1. What is it?
- Ordinary Least Squares (OLS) regression models the conditional mean of $y$ given $x$:
- $E[y|x] = x^\top \beta$
- Quantile Regression models the conditional quantile of $y$ given $x$:
- $Q_\alpha(y|x) = x^\top \beta_\alpha$
- where $\alpha \in (0,1)$ is the quantile level.
Instead of predicting only the average outcome, quantile regression can predict the median, lower bound, or upper bound.
2. Why Use Quantile Regression?
- Data is often skewed or has heteroskedasticity (variance depends on $x$).
- A single mean estimate may not describe the full relationship.
- Quantile regression gives a fuller picture of how predictors affect different parts of the distribution.
Examples:
- Predicting median house price (0.5 quantile) vs 90th percentile price (0.9 quantile).
- Forecasting uncertainty bounds for demand or energy load.
3. Loss Function (Pinball Loss)
OLS minimizes squared errors.
Quantile regression minimizes asymmetric absolute errors, called pinball loss (or check function):
$L_\alpha(y, \hat{y}) = \begin{cases} \alpha \cdot (y – \hat{y}) & \text{if } y \geq \hat{y} \\ (1-\alpha) \cdot (\hat{y} – y) & \text{if } y < \hat{y} \end{cases}$
- For $\alpha = 0.5$, the loss is symmetric → median regression.
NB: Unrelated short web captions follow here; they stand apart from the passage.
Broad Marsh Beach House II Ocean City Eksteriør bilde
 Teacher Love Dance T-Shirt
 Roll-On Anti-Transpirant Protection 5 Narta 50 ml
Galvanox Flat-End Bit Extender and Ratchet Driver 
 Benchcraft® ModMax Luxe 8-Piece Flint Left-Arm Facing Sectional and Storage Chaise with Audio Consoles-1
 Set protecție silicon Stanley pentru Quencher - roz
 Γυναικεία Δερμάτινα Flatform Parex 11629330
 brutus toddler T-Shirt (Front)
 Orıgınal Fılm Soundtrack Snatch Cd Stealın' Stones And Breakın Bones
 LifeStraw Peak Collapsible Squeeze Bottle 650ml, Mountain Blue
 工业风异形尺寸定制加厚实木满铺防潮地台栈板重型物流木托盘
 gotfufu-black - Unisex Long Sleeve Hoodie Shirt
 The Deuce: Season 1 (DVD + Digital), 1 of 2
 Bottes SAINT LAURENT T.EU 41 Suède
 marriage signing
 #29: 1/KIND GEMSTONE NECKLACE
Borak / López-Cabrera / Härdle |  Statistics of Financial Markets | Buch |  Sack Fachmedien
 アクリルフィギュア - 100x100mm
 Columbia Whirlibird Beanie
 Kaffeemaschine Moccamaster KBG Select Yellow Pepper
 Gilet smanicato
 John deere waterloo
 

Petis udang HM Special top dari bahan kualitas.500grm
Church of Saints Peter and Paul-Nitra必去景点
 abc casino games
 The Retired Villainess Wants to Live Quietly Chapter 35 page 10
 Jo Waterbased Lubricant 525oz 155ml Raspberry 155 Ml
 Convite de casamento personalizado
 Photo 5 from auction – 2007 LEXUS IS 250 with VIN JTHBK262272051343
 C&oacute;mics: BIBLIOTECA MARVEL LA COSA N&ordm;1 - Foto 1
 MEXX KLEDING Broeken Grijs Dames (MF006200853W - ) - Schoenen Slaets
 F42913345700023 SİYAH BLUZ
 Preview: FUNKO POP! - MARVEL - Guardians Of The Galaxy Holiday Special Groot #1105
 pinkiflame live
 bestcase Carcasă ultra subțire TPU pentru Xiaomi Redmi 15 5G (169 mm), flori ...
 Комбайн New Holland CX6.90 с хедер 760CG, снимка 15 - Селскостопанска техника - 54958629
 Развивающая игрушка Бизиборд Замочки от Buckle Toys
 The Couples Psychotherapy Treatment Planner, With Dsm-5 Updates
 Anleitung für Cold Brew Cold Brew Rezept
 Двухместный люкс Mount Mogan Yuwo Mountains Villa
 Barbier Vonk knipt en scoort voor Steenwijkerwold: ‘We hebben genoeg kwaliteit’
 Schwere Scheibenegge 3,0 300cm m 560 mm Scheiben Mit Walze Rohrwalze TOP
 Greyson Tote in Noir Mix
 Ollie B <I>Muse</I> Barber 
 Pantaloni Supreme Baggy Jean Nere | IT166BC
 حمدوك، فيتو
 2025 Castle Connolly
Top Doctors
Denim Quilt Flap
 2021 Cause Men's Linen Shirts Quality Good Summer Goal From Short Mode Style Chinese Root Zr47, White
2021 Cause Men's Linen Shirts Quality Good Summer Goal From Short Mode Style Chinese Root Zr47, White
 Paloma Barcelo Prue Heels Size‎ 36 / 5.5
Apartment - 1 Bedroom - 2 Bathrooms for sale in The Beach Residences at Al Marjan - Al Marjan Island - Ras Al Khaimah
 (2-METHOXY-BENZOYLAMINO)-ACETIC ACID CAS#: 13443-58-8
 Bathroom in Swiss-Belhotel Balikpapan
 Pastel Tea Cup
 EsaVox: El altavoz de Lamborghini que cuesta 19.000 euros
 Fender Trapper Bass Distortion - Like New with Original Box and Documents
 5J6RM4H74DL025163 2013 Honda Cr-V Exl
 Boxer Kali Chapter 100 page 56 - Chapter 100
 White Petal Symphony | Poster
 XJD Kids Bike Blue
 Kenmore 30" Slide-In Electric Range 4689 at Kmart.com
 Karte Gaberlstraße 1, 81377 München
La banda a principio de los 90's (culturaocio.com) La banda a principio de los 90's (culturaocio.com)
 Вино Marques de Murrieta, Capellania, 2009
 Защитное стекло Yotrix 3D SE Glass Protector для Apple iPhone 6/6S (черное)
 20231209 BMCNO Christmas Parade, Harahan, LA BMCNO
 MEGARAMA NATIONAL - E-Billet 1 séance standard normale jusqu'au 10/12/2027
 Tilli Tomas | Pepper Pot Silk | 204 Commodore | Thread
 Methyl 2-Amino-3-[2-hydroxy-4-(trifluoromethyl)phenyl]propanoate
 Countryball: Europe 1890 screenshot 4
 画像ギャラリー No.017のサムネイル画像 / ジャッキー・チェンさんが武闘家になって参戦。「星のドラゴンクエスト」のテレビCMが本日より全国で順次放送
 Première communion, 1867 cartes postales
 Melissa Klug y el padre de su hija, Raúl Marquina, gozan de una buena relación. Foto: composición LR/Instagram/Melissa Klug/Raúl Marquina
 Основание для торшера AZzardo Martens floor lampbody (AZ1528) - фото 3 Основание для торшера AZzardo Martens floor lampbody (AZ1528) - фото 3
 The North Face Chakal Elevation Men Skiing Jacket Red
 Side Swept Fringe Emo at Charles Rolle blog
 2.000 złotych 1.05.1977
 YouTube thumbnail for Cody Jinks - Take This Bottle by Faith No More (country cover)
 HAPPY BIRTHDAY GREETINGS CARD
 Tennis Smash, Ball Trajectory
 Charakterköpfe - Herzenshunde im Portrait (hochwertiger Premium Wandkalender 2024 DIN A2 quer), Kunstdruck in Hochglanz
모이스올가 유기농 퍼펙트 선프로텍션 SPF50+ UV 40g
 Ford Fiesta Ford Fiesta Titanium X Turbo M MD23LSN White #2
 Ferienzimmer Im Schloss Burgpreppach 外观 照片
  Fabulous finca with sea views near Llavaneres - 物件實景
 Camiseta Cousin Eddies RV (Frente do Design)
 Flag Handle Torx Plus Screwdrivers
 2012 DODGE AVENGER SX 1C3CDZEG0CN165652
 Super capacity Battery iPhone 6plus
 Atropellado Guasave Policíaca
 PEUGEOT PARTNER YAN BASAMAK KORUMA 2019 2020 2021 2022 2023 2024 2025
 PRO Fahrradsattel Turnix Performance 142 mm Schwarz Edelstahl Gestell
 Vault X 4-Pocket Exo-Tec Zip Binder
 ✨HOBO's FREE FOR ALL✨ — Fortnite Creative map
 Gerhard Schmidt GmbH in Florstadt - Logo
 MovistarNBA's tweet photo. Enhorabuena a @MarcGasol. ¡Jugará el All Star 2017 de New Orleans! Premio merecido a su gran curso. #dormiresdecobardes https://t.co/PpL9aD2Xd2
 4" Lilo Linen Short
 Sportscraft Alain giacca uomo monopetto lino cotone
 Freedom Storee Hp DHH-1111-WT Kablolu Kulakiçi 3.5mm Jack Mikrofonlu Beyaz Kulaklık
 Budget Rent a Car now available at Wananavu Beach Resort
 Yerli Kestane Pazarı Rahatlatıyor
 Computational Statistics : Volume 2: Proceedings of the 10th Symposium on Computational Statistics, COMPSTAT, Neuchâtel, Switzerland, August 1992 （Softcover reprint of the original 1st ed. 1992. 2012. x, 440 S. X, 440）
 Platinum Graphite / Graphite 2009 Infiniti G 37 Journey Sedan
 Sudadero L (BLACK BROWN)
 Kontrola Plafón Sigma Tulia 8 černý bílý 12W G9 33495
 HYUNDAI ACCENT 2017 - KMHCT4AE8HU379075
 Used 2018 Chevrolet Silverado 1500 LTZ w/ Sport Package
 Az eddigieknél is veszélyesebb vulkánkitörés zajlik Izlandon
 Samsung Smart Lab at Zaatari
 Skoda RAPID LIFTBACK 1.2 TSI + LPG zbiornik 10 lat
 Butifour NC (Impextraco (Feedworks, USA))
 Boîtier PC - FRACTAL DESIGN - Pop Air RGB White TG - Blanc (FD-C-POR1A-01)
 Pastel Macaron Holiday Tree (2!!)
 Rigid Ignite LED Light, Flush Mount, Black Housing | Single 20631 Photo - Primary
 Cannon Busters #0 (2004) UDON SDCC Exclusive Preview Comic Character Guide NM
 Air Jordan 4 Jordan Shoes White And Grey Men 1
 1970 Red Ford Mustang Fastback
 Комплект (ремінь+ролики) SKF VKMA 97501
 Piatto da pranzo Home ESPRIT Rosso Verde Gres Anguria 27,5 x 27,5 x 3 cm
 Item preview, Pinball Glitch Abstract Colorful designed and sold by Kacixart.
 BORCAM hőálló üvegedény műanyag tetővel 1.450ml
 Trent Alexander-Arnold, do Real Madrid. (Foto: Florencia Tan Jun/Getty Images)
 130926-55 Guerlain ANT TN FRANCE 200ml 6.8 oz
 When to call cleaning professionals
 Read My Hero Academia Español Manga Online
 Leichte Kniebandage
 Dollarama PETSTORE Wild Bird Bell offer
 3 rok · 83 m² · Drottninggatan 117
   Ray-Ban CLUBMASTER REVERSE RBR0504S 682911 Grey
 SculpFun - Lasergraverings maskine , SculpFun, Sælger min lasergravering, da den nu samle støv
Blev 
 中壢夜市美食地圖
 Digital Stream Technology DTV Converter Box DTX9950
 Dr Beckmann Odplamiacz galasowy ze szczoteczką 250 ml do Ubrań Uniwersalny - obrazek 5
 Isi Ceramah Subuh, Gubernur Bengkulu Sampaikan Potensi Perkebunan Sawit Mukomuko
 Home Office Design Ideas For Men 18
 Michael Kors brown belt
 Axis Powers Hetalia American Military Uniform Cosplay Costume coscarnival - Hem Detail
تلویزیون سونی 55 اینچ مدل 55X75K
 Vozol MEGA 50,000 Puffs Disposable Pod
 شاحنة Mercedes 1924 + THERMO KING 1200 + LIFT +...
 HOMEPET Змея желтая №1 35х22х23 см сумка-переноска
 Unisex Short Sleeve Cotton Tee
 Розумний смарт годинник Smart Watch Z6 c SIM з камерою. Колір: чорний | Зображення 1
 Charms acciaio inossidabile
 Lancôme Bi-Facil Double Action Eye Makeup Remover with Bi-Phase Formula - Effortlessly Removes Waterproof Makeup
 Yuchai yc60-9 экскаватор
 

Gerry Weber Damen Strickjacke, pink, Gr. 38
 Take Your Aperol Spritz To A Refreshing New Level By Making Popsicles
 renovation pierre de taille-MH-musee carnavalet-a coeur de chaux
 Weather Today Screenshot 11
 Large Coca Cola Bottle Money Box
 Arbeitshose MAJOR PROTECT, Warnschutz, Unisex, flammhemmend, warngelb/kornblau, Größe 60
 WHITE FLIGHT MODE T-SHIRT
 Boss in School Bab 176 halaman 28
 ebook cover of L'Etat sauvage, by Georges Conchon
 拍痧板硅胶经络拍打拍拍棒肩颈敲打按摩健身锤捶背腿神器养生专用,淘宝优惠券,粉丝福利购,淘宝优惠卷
- For $\alpha = 0.9$, the loss penalizes underestimates more than overestimates → predicts upper quantile.
4. Example
Suppose we want to predict house price based on size.
- OLS: predicts mean price = $300,000.
- Quantile regression (α=0.1): predicts lower bound = $250,000.
- Quantile regression (α=0.9): predicts upper bound = $380,000.
Gives an interval forecast instead of a single number.
5. Interpretation
- Each quantile regression line shows how predictors influence different points of the conditional distribution.
- Example: Education might strongly increase top salaries (0.9 quantile) but only slightly increase lower salaries (0.1 quantile).
6. Applications
- Economics: wage distribution analysis, inequality studies.
- Finance: risk estimation (e.g., Value-at-Risk = 0.05 quantile).
- Forecasting: demand forecasting with prediction intervals.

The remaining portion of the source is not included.